==== Data
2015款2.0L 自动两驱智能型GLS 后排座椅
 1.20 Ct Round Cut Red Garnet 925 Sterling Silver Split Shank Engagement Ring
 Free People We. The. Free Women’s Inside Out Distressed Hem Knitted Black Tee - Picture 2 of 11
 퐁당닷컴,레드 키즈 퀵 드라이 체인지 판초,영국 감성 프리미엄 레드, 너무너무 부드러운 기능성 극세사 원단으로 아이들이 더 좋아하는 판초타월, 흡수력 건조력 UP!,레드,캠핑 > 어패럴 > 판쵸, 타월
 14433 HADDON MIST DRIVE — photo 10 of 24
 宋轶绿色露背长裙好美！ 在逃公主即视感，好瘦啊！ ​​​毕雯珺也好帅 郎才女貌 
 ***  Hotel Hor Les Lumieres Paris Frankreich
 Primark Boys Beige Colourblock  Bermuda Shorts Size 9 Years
========
Task statement >>
You are asked to copy all of the entries above exactly.

Response below >>
2015款2.0L 自动两驱智能型GLS 后排座椅
 1.20 Ct Round Cut Red Garnet 925 Sterling Silver Split Shank Engagement Ring
 Free People We. The. Free Women’s Inside Out Distressed Hem Knitted Black Tee - Picture 2 of 11
 퐁당닷컴,레드 키즈 퀵 드라이 체인지 판초,영국 감성 프리미엄 레드, 너무너무 부드러운 기능성 극세사 원단으로 아이들이 더 좋아하는 판초타월, 흡수력 건조력 UP!,레드,캠핑 > 어패럴 > 판쵸, 타월
 14433 HADDON MIST DRIVE — photo 10 of 24
 宋轶绿色露背长裙好美！ 在逃公主即视感，好瘦啊！ ​​​毕雯珺也好帅 郎才女貌 
 ***  Hotel Hor Les Lumieres Paris Frankreich
 Primark Boys Beige Colourblock  Bermuda Shorts Size 9 Years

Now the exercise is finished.